■ WHAT IS REQUIRED: Copy out exactly every line from the line containing "2018 Ford Ecosport" until the records below end, inclusive of both boundary lines.

■ RECORDS PROVIDED:

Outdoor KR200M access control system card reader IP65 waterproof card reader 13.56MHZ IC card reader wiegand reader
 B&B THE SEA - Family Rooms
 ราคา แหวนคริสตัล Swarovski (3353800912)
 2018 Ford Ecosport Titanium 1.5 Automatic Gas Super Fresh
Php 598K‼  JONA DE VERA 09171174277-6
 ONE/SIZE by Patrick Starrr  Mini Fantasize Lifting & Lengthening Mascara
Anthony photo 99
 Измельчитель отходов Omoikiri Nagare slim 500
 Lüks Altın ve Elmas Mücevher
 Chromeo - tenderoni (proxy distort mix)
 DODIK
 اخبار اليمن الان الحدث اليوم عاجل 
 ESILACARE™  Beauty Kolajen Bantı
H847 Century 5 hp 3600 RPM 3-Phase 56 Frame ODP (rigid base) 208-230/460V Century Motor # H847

■ TASK SOLUTION:
 2018 Ford Ecosport Titanium 1.5 Automatic Gas Super Fresh
Php 598K‼  JONA DE VERA 09171174277-6
 ONE/SIZE by Patrick Starrr  Mini Fantasize Lifting & Lengthening Mascara
Anthony photo 99
 Измельчитель отходов Omoikiri Nagare slim 500
 Lüks Altın ve Elmas Mücevher
 Chromeo - tenderoni (proxy distort mix)
 DODIK
 اخبار اليمن الان الحدث اليوم عاجل 
 ESILACARE™  Beauty Kolajen Bantı
H847 Century 5 hp 3600 RPM 3-Phase 56 Frame ODP (rigid base) 208-230/460V Century Motor # H847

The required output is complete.